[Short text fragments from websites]
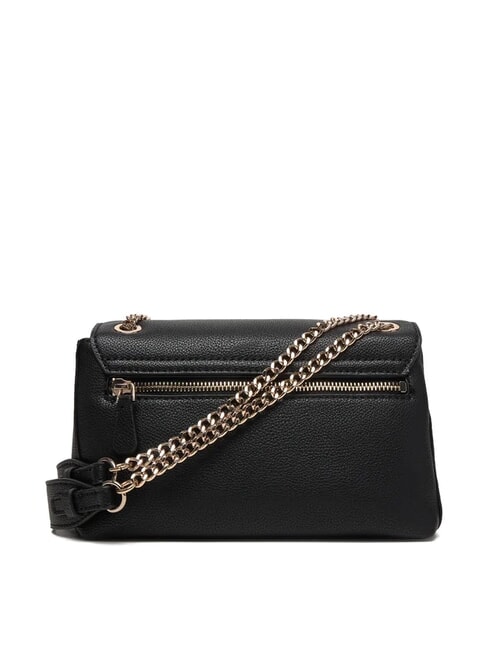 YESBA Shoulder bag with flap, crossbody bag BLACK - Women’s Bags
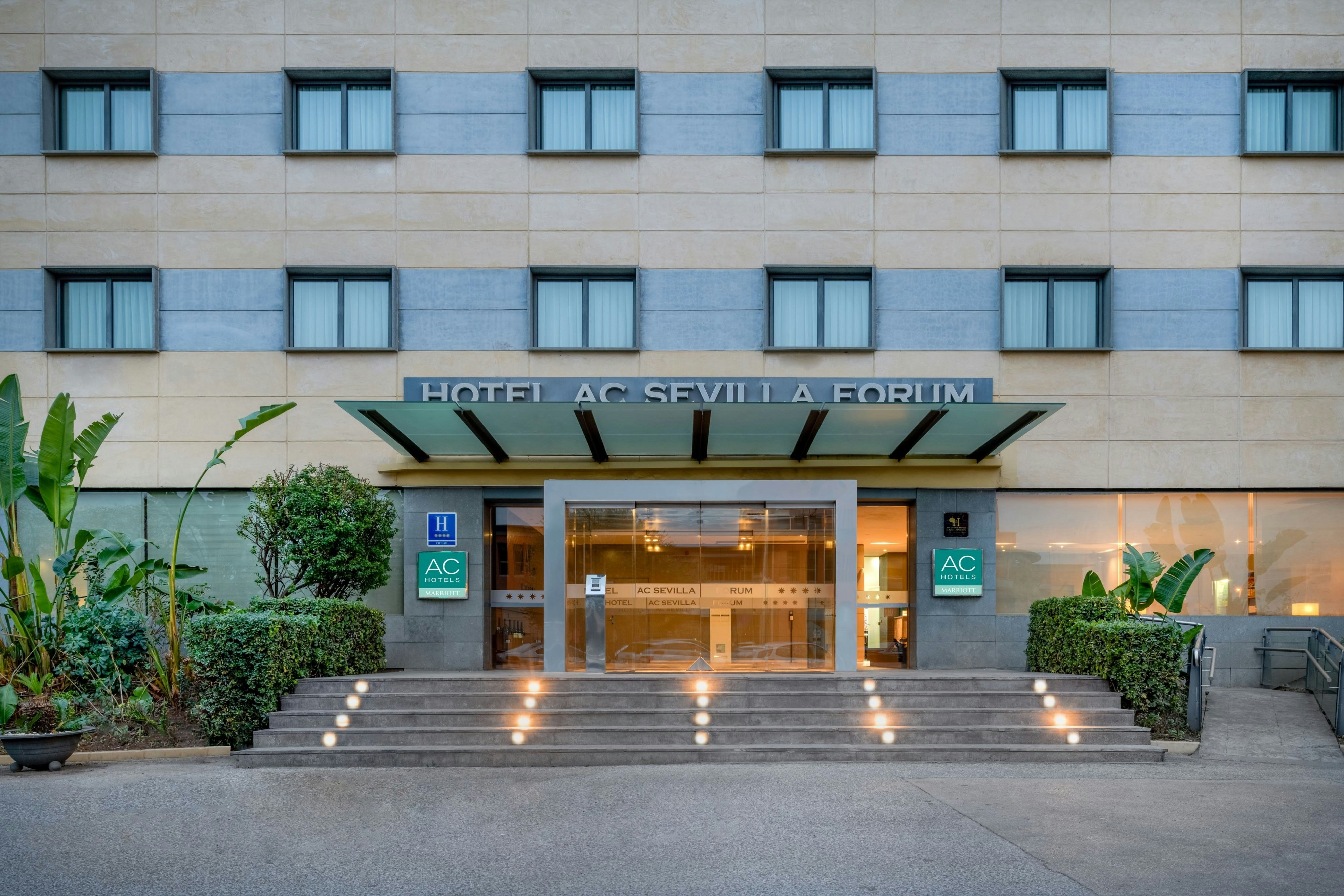 AC Hotel Sevilla Forum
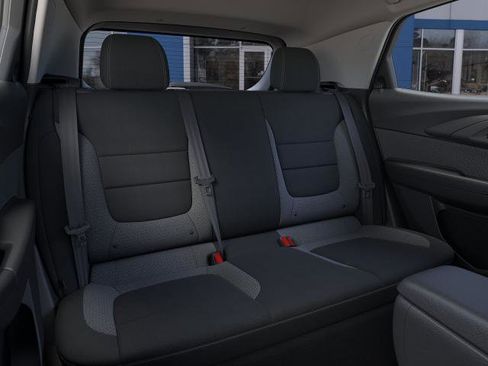 New 2026 Chevrolet TrailBlazer LS w/ LS Convenience Package FWD image 37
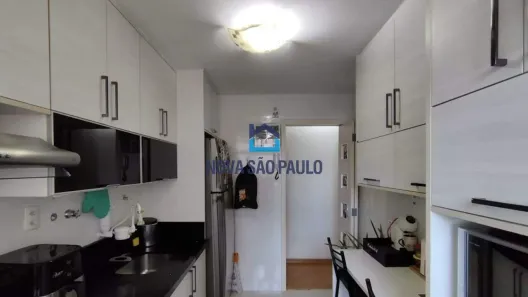 Apartamento com 2 Quartos à venda, 58m² no Jardim São Savério, São Paulo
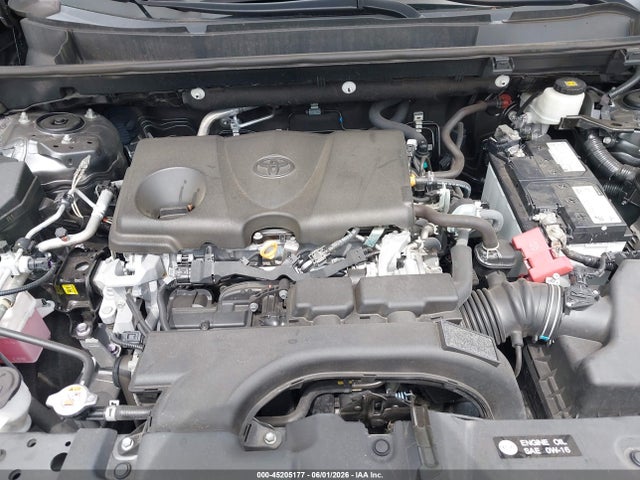 Aukcja sprzedaży 2021 Toyota Rav4 Xle, vin: 2T3W1RFV7MC165724, numer aukcji: 45205177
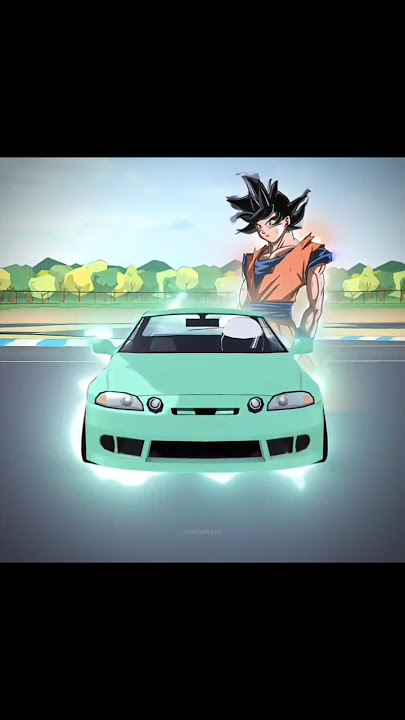 GOKU FUNK | FR LEGENDS EDIT #frlegends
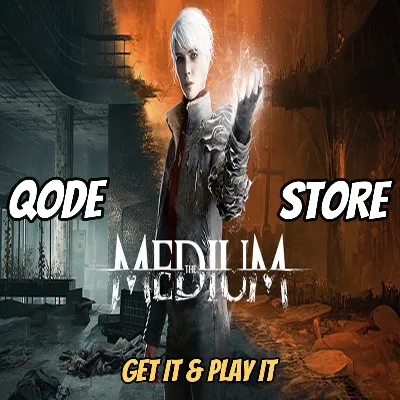 The Medium STEAM KEY [GLOBAL] - irongamers.ru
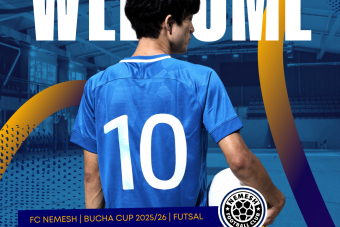 FC NEMESH шукає підсилення!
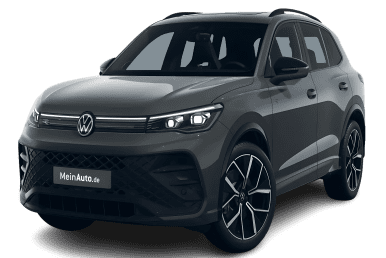 Bildvorschau von dem VW Tiguan.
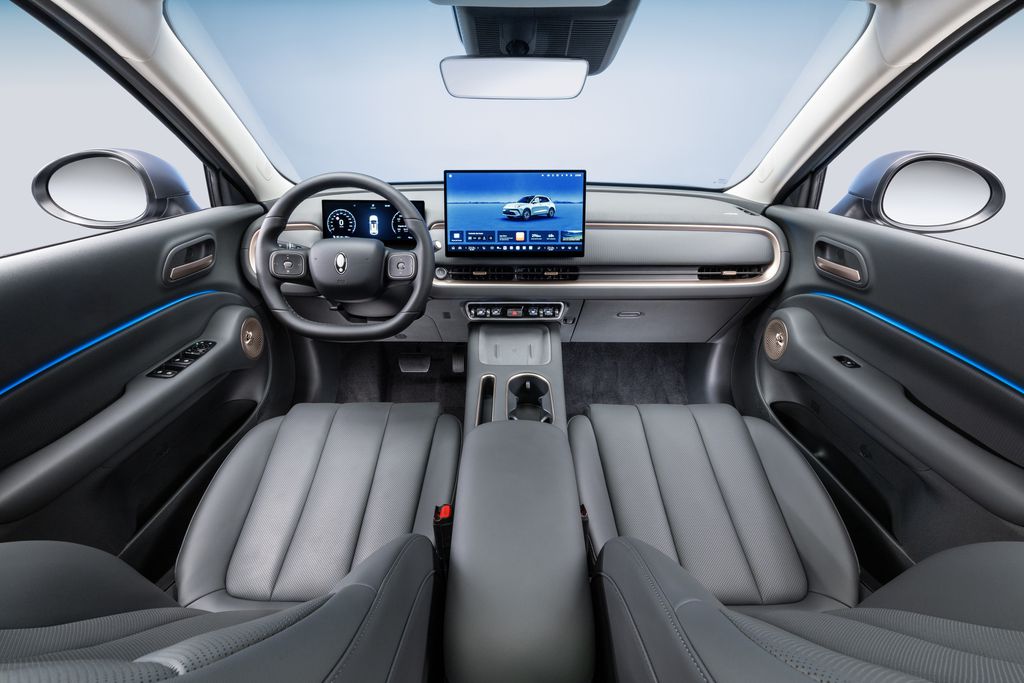 GWM lança no Brasil o ORA 5, seu primeiro SUV 100% elétrico e concorrente do BYD Yuan Pro
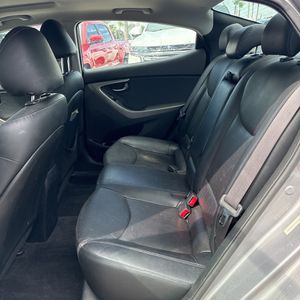 2012 Hyundai ELANTRA LIMITED 照片 34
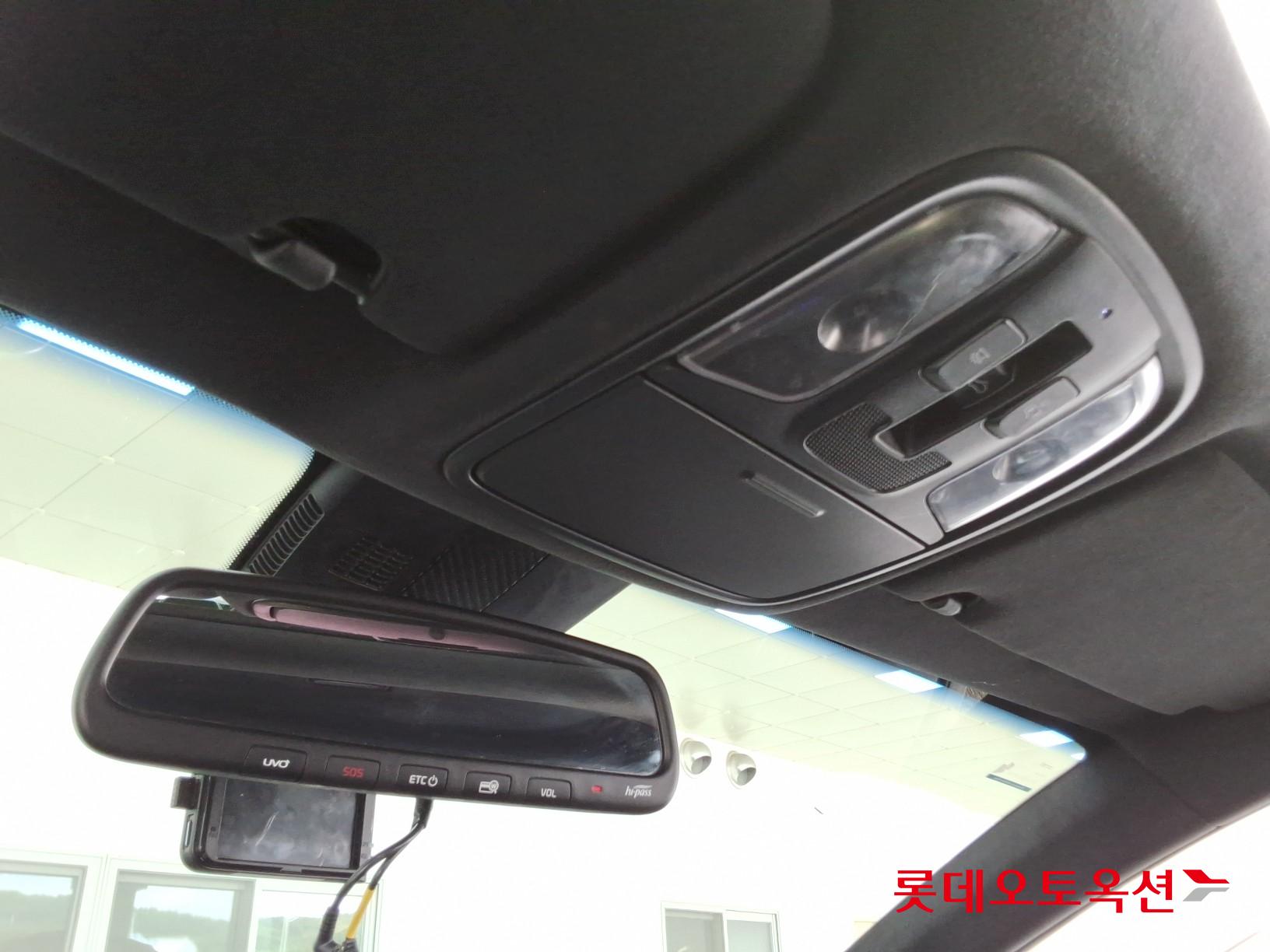 Kia Stinger id 3052578 из Кореи 30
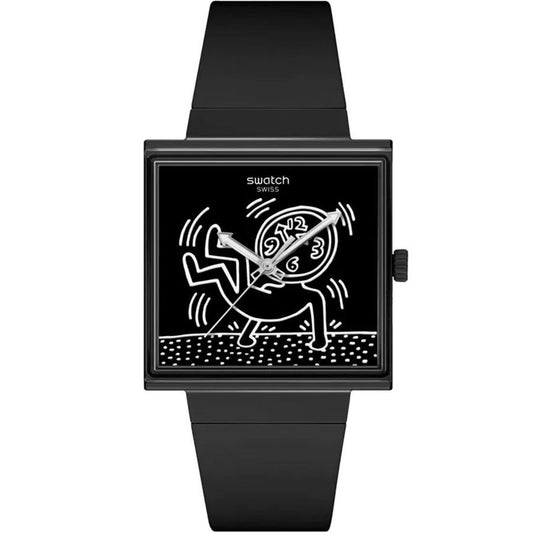 SWATCH SO34Z103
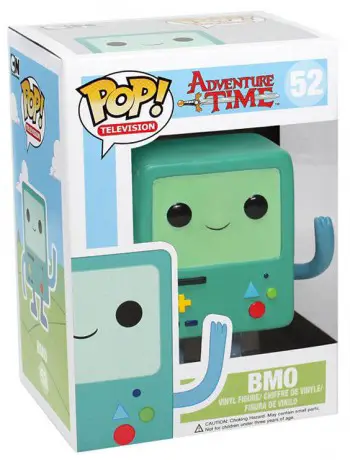 Figurine pop BMO - Adventure Time - 1
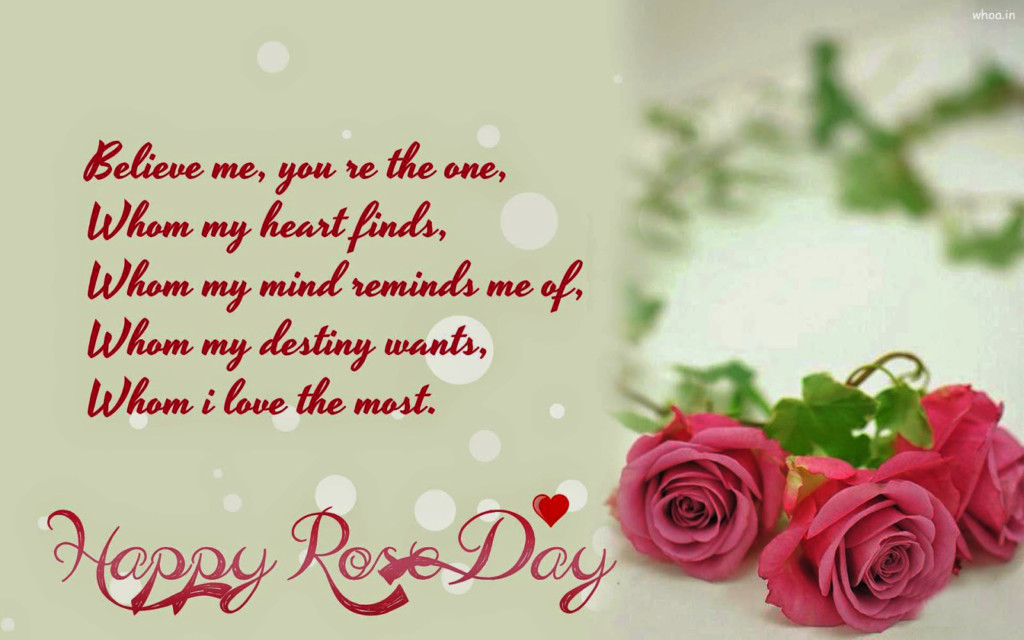 happy rose day greetings for girlfriend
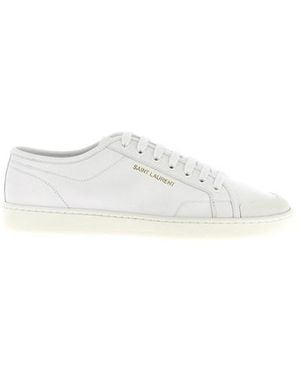 Saint Laurent Sneakers Gym - Bianco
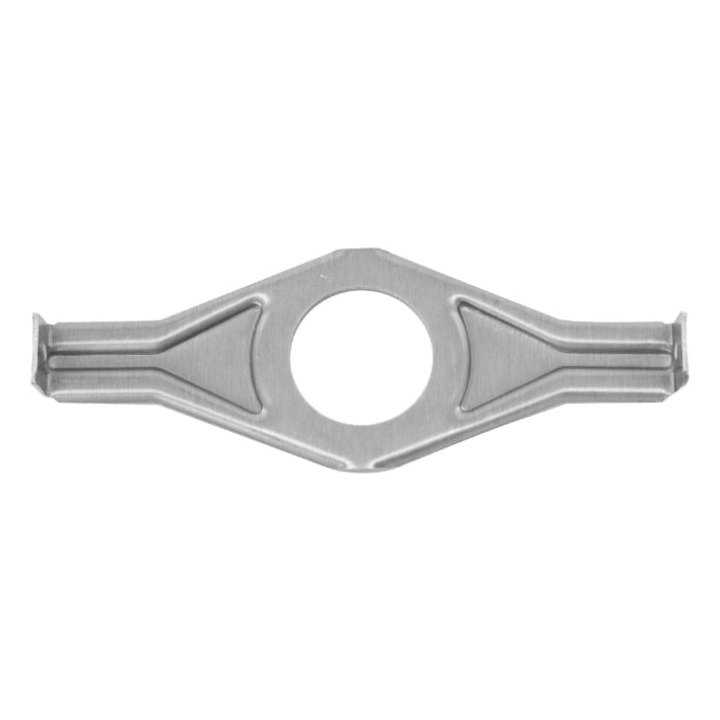 Fixation Sur Boîtier Pédalier Pour Carter Chaîne Pistolet Hebie 33D. Diamètre 160 mm (Vendu A L Unite) -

**DESCRIPTION OF THE TASK:**
Print again, word for word, every line from the line with "Aukcja sprzedaży 2021" to the final line of the records, inclusive; skip the pictures.

**ANSWER BOX:**
 Aukcja sprzedaży 2021 Toyota Rav4 Xle, vin: 2T3W1RFV7MC165724, numer aukcji: 45205177
 GOKU FUNK | FR LEGENDS EDIT #frlegends
 The Medium STEAM KEY [GLOBAL] - irongamers.ru
 FC NEMESH шукає підсилення!
 Bildvorschau von dem VW Tiguan.
 GWM lança no Brasil o ORA 5, seu primeiro SUV 100% elétrico e concorrente do BYD Yuan Pro
 2012 Hyundai ELANTRA LIMITED 照片 34
 Kia Stinger id 3052578 из Кореи 30
 SWATCH SO34Z103
 Figurine pop BMO - Adventure Time - 1
 happy rose day greetings for girlfriend
 Saint Laurent Sneakers Gym - Bianco
 Fixation Sur Boîtier Pédalier Pour Carter Chaîne Pistolet Hebie 33D. Diamètre 160 mm (Vendu A L Unite) -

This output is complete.